What is required:
Write out the records below word for word, please.
*** Records for the task ***
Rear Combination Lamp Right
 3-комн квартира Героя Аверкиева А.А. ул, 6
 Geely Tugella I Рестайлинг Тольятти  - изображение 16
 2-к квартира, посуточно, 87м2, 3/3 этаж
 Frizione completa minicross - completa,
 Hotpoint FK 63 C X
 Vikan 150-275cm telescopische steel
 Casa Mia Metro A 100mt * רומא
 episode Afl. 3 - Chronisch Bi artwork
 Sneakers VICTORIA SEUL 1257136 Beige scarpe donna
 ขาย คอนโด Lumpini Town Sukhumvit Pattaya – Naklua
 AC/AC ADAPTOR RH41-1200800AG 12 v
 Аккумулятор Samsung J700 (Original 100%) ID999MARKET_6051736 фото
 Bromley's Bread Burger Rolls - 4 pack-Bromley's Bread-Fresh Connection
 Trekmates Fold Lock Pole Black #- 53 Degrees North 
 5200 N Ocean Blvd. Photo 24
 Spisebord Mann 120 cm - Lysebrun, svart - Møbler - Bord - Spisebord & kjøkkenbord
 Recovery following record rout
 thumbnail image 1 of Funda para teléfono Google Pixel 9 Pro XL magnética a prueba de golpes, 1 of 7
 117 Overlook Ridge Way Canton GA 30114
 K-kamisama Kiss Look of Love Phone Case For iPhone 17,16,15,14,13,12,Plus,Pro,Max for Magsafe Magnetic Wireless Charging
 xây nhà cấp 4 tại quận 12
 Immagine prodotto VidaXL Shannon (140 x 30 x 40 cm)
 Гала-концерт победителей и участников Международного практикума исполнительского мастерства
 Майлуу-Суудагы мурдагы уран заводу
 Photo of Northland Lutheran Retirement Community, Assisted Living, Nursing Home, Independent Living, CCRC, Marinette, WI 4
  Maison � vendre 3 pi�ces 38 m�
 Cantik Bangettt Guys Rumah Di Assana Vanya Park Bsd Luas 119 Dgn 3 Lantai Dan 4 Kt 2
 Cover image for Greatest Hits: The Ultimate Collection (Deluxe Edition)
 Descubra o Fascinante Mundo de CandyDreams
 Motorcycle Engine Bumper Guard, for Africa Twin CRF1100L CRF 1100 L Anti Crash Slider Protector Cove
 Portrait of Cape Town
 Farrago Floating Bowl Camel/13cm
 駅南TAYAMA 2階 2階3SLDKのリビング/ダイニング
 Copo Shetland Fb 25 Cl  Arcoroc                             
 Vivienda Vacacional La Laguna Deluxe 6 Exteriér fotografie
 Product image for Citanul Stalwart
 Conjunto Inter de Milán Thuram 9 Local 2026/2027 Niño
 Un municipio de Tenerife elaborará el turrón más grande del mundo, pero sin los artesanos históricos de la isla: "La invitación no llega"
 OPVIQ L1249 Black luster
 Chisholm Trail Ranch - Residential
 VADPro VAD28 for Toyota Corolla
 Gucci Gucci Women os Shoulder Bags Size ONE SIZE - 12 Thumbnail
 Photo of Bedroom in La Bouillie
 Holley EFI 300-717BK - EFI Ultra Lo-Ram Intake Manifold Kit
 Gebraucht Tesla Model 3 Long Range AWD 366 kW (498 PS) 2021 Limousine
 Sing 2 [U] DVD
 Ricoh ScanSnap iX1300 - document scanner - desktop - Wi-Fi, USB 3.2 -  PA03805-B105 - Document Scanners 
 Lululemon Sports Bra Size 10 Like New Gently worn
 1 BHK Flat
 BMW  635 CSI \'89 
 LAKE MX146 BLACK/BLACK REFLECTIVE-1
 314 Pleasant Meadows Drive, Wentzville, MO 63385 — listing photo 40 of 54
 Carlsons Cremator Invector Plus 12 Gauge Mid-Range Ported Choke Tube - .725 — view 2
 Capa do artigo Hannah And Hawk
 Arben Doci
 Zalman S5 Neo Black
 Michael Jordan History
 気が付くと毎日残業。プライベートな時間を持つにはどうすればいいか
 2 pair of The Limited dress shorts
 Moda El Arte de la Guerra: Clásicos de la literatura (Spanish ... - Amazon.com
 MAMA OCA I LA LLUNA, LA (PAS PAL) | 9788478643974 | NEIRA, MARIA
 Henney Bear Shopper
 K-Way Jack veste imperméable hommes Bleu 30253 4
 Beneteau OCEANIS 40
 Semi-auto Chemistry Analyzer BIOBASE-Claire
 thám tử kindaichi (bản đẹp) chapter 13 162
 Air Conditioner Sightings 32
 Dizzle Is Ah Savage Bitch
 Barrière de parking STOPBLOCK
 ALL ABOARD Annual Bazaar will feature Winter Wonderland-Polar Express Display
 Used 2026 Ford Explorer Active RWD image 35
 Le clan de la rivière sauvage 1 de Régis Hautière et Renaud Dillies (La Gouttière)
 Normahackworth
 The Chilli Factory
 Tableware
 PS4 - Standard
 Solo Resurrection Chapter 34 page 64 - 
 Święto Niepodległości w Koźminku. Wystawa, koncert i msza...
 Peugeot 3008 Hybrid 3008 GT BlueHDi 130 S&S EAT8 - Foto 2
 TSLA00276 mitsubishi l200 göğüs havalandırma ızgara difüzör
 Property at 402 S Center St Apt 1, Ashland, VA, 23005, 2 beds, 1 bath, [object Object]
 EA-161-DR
***
The completed task:
Rear Combination Lamp Right
 3-комн квартира Героя Аверкиева А.А. ул, 6
 Geely Tugella I Рестайлинг Тольятти  - изображение 16
 2-к квартира, посуточно, 87м2, 3/3 этаж
 Frizione completa minicross - completa,
 Hotpoint FK 63 C X
 Vikan 150-275cm telescopische steel
 Casa Mia Metro A 100mt * רומא
 episode Afl. 3 - Chronisch Bi artwork
 Sneakers VICTORIA SEUL 1257136 Beige scarpe donna
 ขาย คอนโด Lumpini Town Sukhumvit Pattaya – Naklua
 AC/AC ADAPTOR RH41-1200800AG 12 v
 Аккумулятор Samsung J700 (Original 100%) ID999MARKET_6051736 фото
 Bromley's Bread Burger Rolls - 4 pack-Bromley's Bread-Fresh Connection
 Trekmates Fold Lock Pole Black #- 53 Degrees North 
 5200 N Ocean Blvd. Photo 24
 Spisebord Mann 120 cm - Lysebrun, svart - Møbler - Bord - Spisebord & kjøkkenbord
 Recovery following record rout
 thumbnail image 1 of Funda para teléfono Google Pixel 9 Pro XL magnética a prueba de golpes, 1 of 7
 117 Overlook Ridge Way Canton GA 30114
 K-kamisama Kiss Look of Love Phone Case For iPhone 17,16,15,14,13,12,Plus,Pro,Max for Magsafe Magnetic Wireless Charging
 xây nhà cấp 4 tại quận 12
 Immagine prodotto VidaXL Shannon (140 x 30 x 40 cm)
 Гала-концерт победителей и участников Международного практикума исполнительского мастерства
 Майлуу-Суудагы мурдагы уран заводу
 Photo of Northland Lutheran Retirement Community, Assisted Living, Nursing Home, Independent Living, CCRC, Marinette, WI 4
  Maison � vendre 3 pi�ces 38 m�
 Cantik Bangettt Guys Rumah Di Assana Vanya Park Bsd Luas 119 Dgn 3 Lantai Dan 4 Kt 2
 Cover image for Greatest Hits: The Ultimate Collection (Deluxe Edition)
 Descubra o Fascinante Mundo de CandyDreams
 Motorcycle Engine Bumper Guard, for Africa Twin CRF1100L CRF 1100 L Anti Crash Slider Protector Cove
 Portrait of Cape Town
 Farrago Floating Bowl Camel/13cm
 駅南TAYAMA 2階 2階3SLDKのリビング/ダイニング
 Copo Shetland Fb 25 Cl  Arcoroc                             
 Vivienda Vacacional La Laguna Deluxe 6 Exteriér fotografie
 Product image for Citanul Stalwart
 Conjunto Inter de Milán Thuram 9 Local 2026/2027 Niño
 Un municipio de Tenerife elaborará el turrón más grande del mundo, pero sin los artesanos históricos de la isla: "La invitación no llega"
 OPVIQ L1249 Black luster
 Chisholm Trail Ranch - Residential
 VADPro VAD28 for Toyota Corolla
 Gucci Gucci Women os Shoulder Bags Size ONE SIZE - 12 Thumbnail
 Photo of Bedroom in La Bouillie
 Holley EFI 300-717BK - EFI Ultra Lo-Ram Intake Manifold Kit
 Gebraucht Tesla Model 3 Long Range AWD 366 kW (498 PS) 2021 Limousine
 Sing 2 [U] DVD
 Ricoh ScanSnap iX1300 - document scanner - desktop - Wi-Fi, USB 3.2 -  PA03805-B105 - Document Scanners 
 Lululemon Sports Bra Size 10 Like New Gently worn
 1 BHK Flat
 BMW  635 CSI \'89 
 LAKE MX146 BLACK/BLACK REFLECTIVE-1
 314 Pleasant Meadows Drive, Wentzville, MO 63385 — listing photo 40 of 54
 Carlsons Cremator Invector Plus 12 Gauge Mid-Range Ported Choke Tube - .725 — view 2
 Capa do artigo Hannah And Hawk
 Arben Doci
 Zalman S5 Neo Black
 Michael Jordan History
 気が付くと毎日残業。プライベートな時間を持つにはどうすればいいか
 2 pair of The Limited dress shorts
 Moda El Arte de la Guerra: Clásicos de la literatura (Spanish ... - Amazon.com
 MAMA OCA I LA LLUNA, LA (PAS PAL) | 9788478643974 | NEIRA, MARIA
 Henney Bear Shopper
 K-Way Jack veste imperméable hommes Bleu 30253 4
 Beneteau OCEANIS 40
 Semi-auto Chemistry Analyzer BIOBASE-Claire
 thám tử kindaichi (bản đẹp) chapter 13 162
 Air Conditioner Sightings 32
 Dizzle Is Ah Savage Bitch
 Barrière de parking STOPBLOCK
 ALL ABOARD Annual Bazaar will feature Winter Wonderland-Polar Express Display
 Used 2026 Ford Explorer Active RWD image 35
 Le clan de la rivière sauvage 1 de Régis Hautière et Renaud Dillies (La Gouttière)
 Normahackworth
 The Chilli Factory
 Tableware
 PS4 - Standard
 Solo Resurrection Chapter 34 page 64 - 
 Święto Niepodległości w Koźminku. Wystawa, koncert i msza...
 Peugeot 3008 Hybrid 3008 GT BlueHDi 130 S&S EAT8 - Foto 2
 TSLA00276 mitsubishi l200 göğüs havalandırma ızgara difüzör
 Property at 402 S Center St Apt 1, Ashland, VA, 23005, 2 beds, 1 bath, [object Object]
 EA-161-DR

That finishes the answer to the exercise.